Electricity sales recorded a 366GWh increase to 4,562GWh, an 8.7% growth compared to a similar period in 2020.
This was driven by an increase in customer connectivity, as well as improved supply quality and reliability due to enhanced preventive maintenance works, network refurbishment, and accelerated faulty meter replacements.
This, combined with a 2.33% improvement in system efficiency which stood at 77.13% as at 31st December 2021, led to a 12.9% increase in electricity revenue which grew to KSh 69.447 Billion.
Operating costs of Ke decreased from KSh.20.132 Billion to KSh 19.036 Billion as a result of enhanced cost management and resource optimization initiatives that the Company is implementing as part of its turn-around strategy.
Non-fuel power purchase costs increased from KSh 38.123 Billion incurred in the previous period to KSh 40.487 Billion mainly due to additional unit purchases to support increased demand.
Similarly, fuel costs increased from KSh.4.618 Billion to KSh 10.871 Billion mainly due to a 314 GWh increase in units purchased from thermal plants to 709 GWh due to low hydrology resulting from delayed rains, and an upsurge in fuel prices.
Finance costs increased to KSh.6.777 Billion from KSh.6.601 Billion the previous period mainly due to a rise in unrealised foreign exchange loss resulting from the depreciation of the Kenya shilling against major currencies.
Overdue customer debt, for the first time in five years, recorded a reduction of KSh 900 Million as a result of enhanced field presence, continued government intervention with state agencies, and increased customer engagements.
In the second half of the year, the business will primarily focus on domestic and SME customers who currently account for 67% of the Company’s outstanding debt.
Kenya Power continues to roll out a proactive strategy to enhance its cash position which is premised on the prioritization of payments of outstanding obligations.
As a consequence, the Company reduced trade and other payables by over KSh 4 Billion.
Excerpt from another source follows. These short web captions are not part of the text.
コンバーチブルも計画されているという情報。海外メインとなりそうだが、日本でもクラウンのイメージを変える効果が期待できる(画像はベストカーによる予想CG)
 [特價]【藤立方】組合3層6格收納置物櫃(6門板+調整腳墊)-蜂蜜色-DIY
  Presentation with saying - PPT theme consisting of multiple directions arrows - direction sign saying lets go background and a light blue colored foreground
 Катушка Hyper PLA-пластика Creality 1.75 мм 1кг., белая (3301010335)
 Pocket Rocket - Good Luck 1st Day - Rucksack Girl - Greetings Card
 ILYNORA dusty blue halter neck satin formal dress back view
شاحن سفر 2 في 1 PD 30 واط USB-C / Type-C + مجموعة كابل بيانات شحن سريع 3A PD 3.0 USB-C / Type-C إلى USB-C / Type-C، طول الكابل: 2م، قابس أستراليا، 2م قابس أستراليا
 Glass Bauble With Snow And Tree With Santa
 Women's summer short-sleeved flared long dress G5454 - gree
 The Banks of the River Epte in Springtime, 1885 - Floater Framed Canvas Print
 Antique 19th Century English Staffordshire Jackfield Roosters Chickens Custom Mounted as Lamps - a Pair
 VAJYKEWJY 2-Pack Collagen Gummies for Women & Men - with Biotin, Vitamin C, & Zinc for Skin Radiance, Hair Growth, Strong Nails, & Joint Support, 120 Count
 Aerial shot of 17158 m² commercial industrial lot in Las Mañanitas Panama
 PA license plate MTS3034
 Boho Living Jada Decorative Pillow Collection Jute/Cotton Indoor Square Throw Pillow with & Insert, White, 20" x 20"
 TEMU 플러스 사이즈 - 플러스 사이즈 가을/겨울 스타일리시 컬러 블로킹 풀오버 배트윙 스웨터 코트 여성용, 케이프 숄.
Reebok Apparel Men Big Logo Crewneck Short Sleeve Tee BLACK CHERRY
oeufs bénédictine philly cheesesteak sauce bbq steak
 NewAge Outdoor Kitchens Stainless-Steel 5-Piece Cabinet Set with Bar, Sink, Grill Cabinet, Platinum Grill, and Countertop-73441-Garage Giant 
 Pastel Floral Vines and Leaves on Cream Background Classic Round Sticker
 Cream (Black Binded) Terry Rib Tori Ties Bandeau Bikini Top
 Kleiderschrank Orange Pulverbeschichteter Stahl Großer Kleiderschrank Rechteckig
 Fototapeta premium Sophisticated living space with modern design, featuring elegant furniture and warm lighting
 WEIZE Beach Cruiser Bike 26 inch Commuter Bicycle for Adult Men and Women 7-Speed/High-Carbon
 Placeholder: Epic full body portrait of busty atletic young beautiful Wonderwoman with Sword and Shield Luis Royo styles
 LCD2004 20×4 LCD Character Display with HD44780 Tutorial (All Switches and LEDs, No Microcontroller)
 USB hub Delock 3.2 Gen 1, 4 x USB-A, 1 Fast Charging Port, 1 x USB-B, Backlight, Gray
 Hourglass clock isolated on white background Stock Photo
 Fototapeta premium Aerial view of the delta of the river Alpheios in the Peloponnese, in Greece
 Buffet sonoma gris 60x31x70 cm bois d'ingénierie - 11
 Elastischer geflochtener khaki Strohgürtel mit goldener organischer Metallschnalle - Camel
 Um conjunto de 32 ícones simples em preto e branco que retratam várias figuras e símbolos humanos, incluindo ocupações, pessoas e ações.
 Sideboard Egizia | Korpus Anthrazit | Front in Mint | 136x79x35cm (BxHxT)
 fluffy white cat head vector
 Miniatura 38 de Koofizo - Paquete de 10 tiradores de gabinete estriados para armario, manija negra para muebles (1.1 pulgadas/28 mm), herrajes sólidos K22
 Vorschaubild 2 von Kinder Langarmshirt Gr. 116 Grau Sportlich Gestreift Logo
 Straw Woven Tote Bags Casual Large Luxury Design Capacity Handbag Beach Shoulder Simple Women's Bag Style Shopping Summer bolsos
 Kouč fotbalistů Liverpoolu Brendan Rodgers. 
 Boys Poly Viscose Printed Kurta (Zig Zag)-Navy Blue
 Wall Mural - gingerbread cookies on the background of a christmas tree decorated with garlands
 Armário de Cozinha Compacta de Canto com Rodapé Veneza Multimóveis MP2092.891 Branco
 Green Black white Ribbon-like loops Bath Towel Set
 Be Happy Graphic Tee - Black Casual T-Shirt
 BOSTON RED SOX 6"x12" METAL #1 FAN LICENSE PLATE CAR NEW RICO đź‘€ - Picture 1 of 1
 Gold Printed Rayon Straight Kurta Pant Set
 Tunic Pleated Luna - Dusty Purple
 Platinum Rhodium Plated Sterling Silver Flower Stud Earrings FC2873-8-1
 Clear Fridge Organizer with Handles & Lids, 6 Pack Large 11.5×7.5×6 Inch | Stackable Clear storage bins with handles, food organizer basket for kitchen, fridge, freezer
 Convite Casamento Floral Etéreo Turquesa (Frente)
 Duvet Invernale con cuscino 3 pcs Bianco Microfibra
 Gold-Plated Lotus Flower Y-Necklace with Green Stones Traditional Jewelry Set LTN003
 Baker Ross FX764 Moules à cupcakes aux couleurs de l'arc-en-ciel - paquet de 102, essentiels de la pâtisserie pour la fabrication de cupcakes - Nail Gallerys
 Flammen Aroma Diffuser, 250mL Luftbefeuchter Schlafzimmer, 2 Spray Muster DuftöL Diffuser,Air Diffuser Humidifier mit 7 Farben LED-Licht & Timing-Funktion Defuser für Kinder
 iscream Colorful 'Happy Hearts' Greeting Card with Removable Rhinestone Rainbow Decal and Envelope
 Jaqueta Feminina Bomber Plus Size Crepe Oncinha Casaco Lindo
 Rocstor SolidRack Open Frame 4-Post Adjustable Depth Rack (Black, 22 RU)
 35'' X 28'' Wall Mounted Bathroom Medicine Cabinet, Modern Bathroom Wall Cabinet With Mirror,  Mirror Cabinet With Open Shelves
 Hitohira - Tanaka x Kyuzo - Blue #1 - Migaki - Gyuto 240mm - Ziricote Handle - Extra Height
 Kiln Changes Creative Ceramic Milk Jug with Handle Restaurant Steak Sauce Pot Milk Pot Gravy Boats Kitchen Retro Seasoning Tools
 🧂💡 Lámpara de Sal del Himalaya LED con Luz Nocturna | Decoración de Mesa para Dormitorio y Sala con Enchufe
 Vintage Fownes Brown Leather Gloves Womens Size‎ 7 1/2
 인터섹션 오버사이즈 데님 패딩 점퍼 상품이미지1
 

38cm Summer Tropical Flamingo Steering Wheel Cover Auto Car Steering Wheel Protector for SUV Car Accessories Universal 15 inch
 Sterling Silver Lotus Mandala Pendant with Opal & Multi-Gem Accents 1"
In addition, the business cleared overdrafts amounting to KSh3.595 Billion.
Further to this, the Company closed the first half of the financial year with a cash position of KSh 8.347 Billion which includes ring-fenced funds projects, receipts from Government for the Last Mile, and street lighting programmes, as well as funds for scheduled loan repayments.
To build on the gains made on the turn-around strategy, which was launched in the last financial year, the business will in the second half, escalate initiatives aimed at growing sales, revenue collection, enhancing system efficiency, manage costs and importantly, improve customer experience.
In particular, Kenya Power is focusing on reducing billing complaints by improving the entire billing value chain.
The Kenya Power owns and operates most of the electricity transmission and distribution system in the country and sold electricity to over 8.5 million customers as at February 2022.